LONDON (Reuters) - The euro sank half a percent against the dollar and some 1.3 percent against the yen on Monday after a shockingly low flash first official estimate of inflation showed consumer prices in Europe were falling again.

China's cut in the required reserve rate for banks prodded the yuan minimally lower and drove the Australian dollar to a day's high.

But the failure of a Group of 20 meeting to generate any hope of governments spending much more to bolster a flagging global economy knocked back most growth-linked currency plays.

The fall in the flash reading of euro zone inflation to -0.2 percent boosted expectations that the European Central Bank will have to ease policy aggressively next month, driving the euro back below $1.09 to a four-week low.

"The read is that we got precisely zilch in new help from the G20 so it is back to plan A: buy the dollar," said the head of currency trading at a large Asian bank in London.

 

"If that holds, the target for the dollar index is 98.40 and it almost got there this morning."

Speculators will be watching the Chinese yuan closely after Monday's action.
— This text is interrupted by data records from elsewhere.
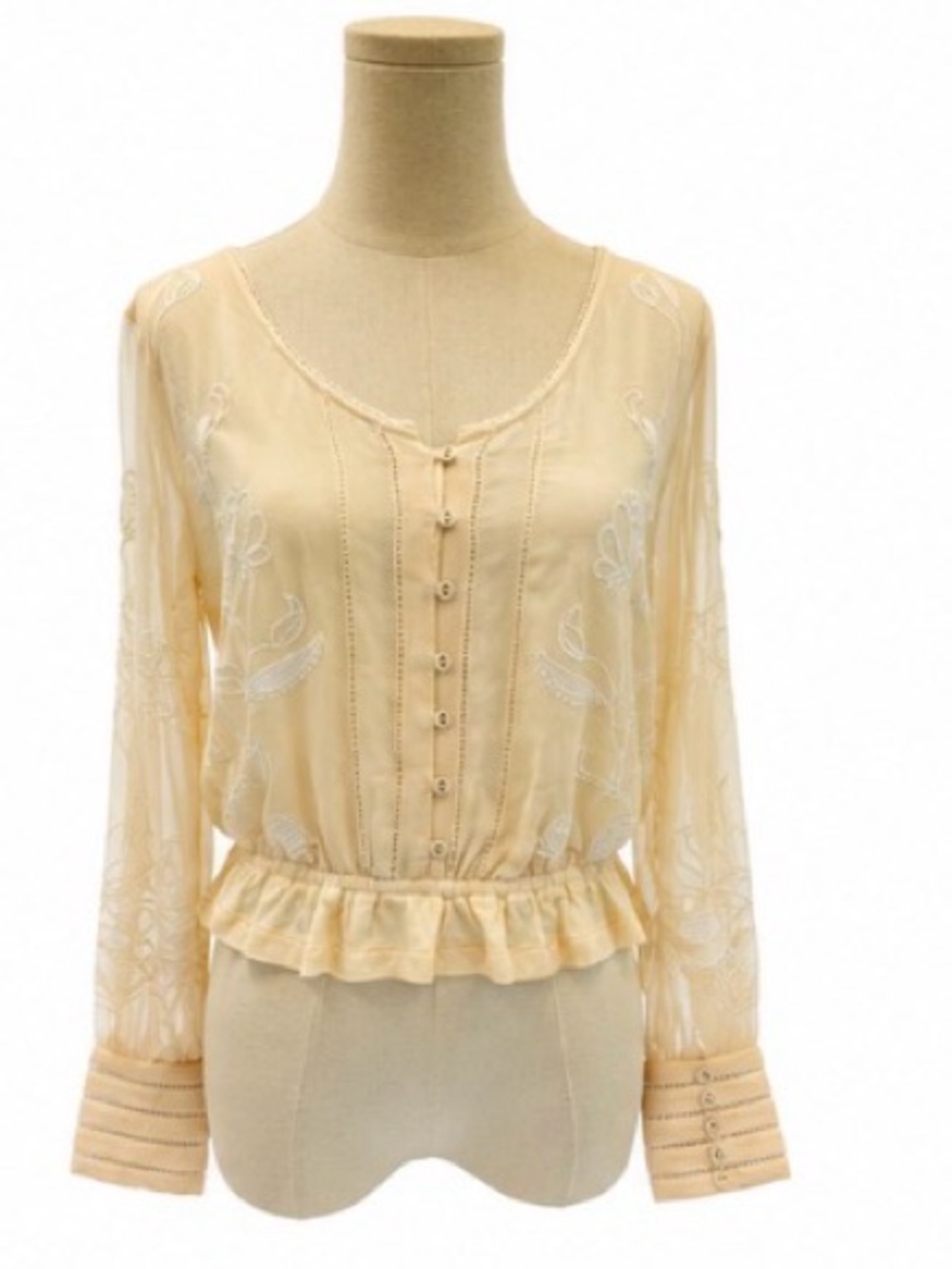 Böhme Embroidered Floral Sheer Sleeve Button Front Blouse Cream Size Small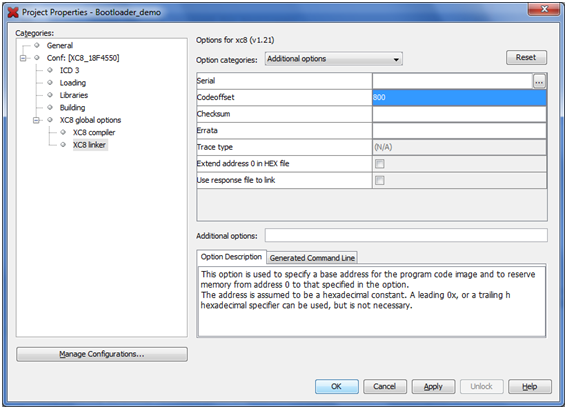 Reset vector remapping in Microchip PIC: Bootloader for PIC18F4550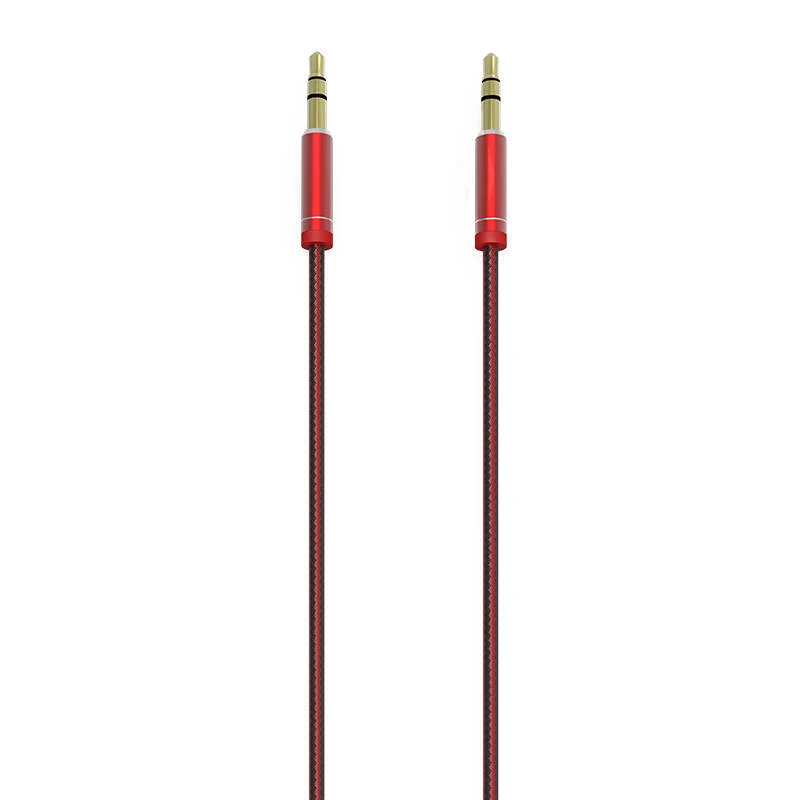 Raudonas 3.5mm AUX kabelis su pintomis jungtimis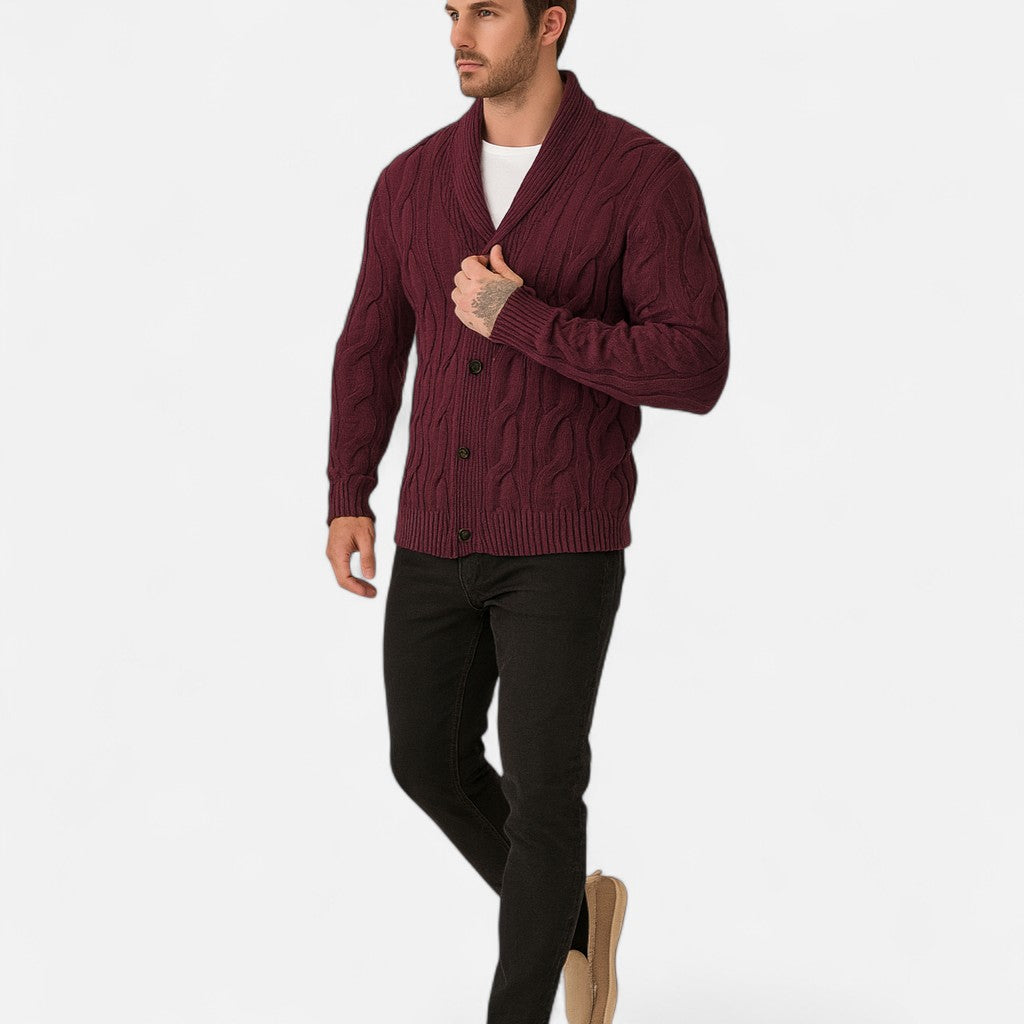 Etclair Mode | Men’s Graphic Lapel Cardigan Sweater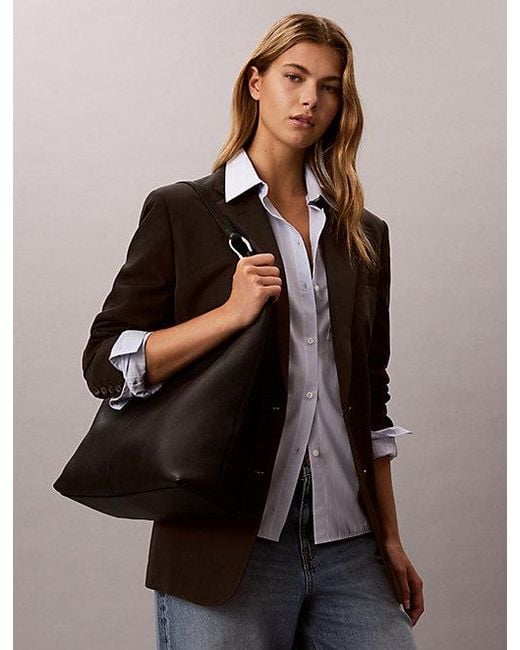 Calvin Klein Black Slouchy Leather Medium Shoulder Bag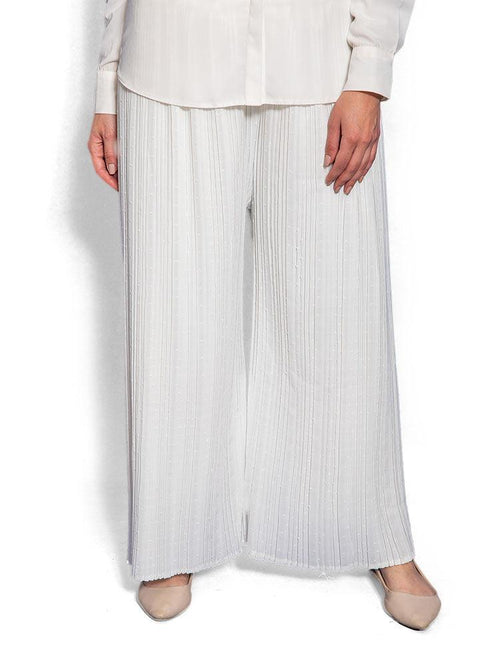 White Wide Pleated Pant - Khotwh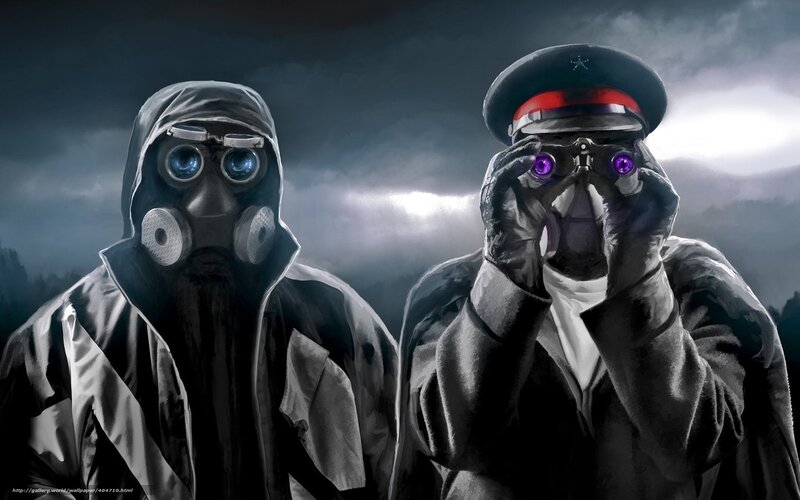 Two Figures in Gas Masks — Black, Dramatic, Digital Art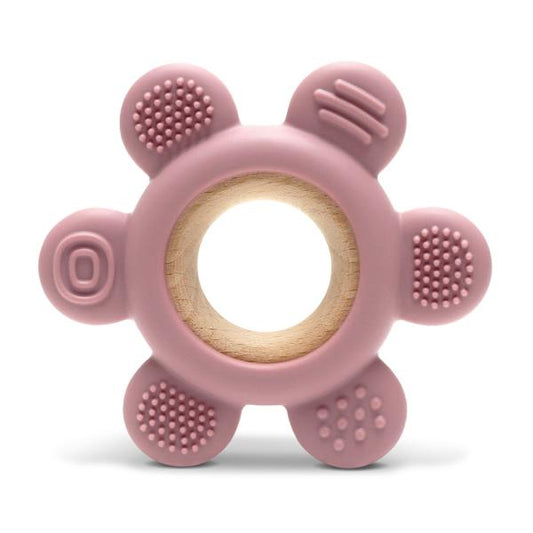 Jucărie Dentiție Lorelli Flower, Silicon și Lemn, Verde - Pink [ps:49d2f39a-6556-48f4-8126-2a385782db91]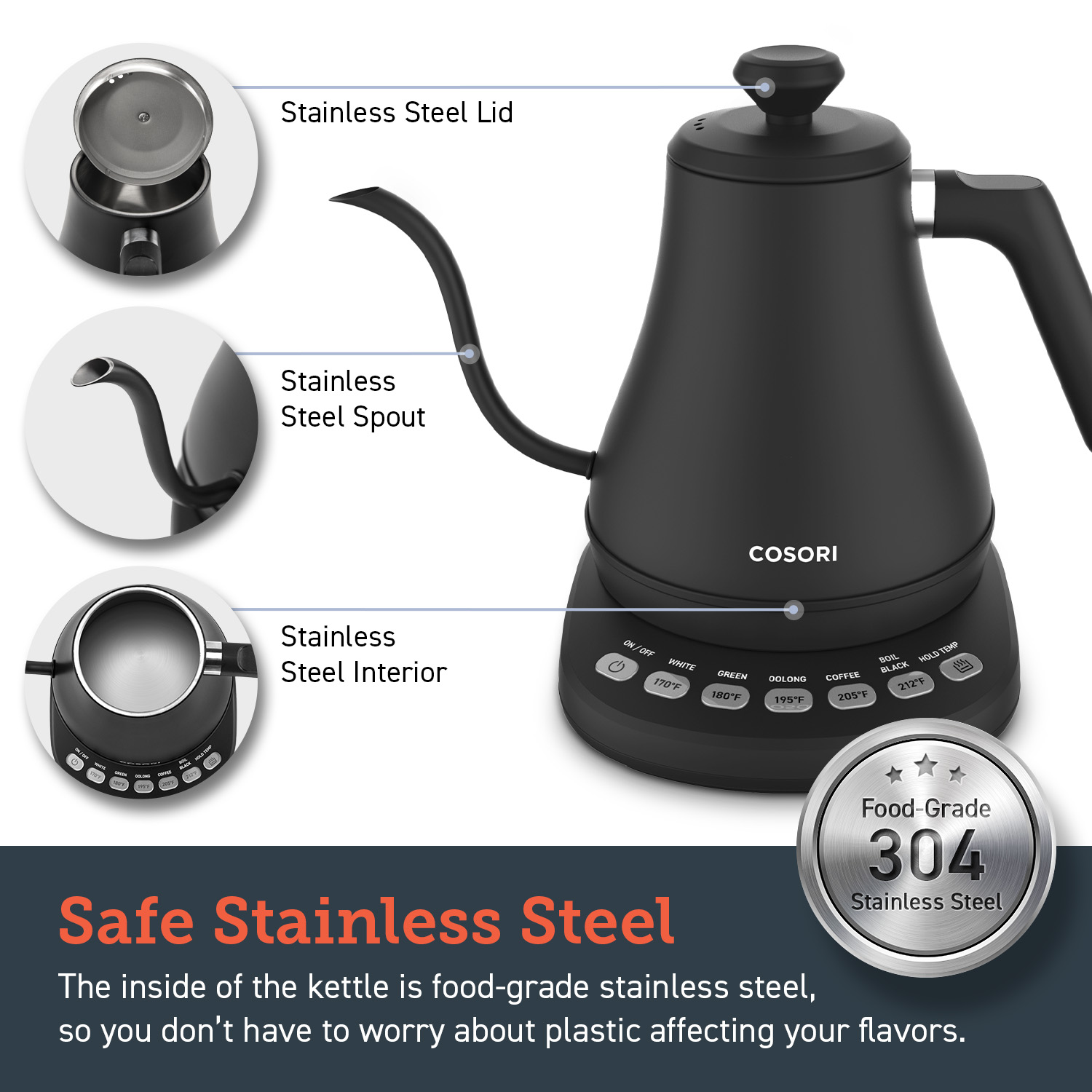 cosori electric tea kettle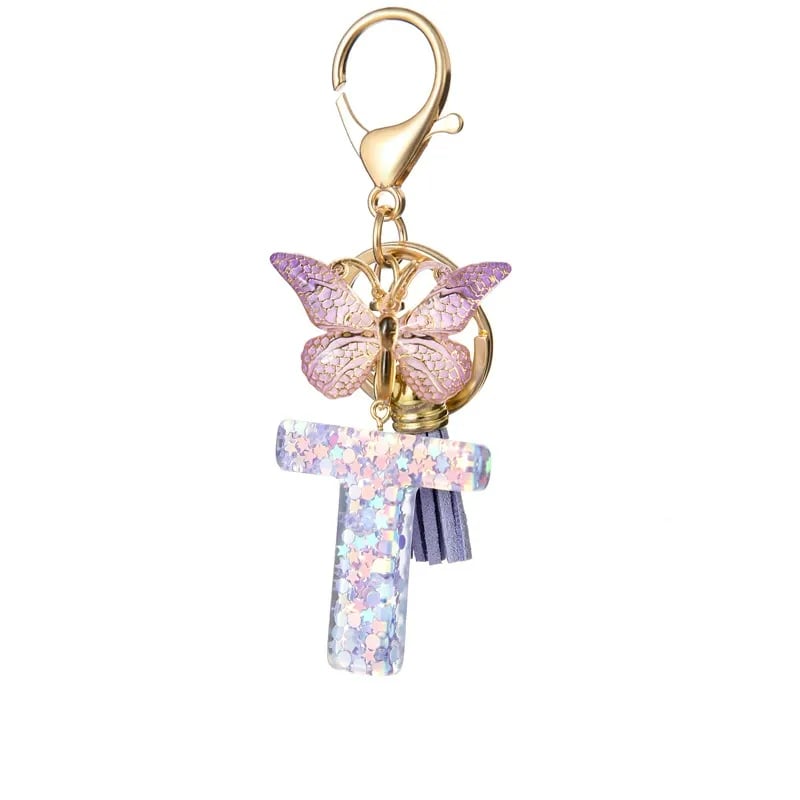 🔥Last Day 50% OFF - Butterfly Letter Keychain Tassel Design Vibrant Durable Lightweight Gift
Both offshore and onshore rates are now down almost 1 percent against the dollar since Asian markets returned from the Lunar New Year holiday.

Officials, however, have consistently said they want to keep the currency broadly stable and there have been numerous signals on moves to keep control of the capital flows out of China that drove the yuan sharply lower in December and January.

Chinese purchasing manager surveys are due on Tuesday.

Sterling, battered by "Brexit" referendum concerns last week, was trading below $1.39 after a weekend poll showed the "Out" camp in the lead ahead of the June 23 vote.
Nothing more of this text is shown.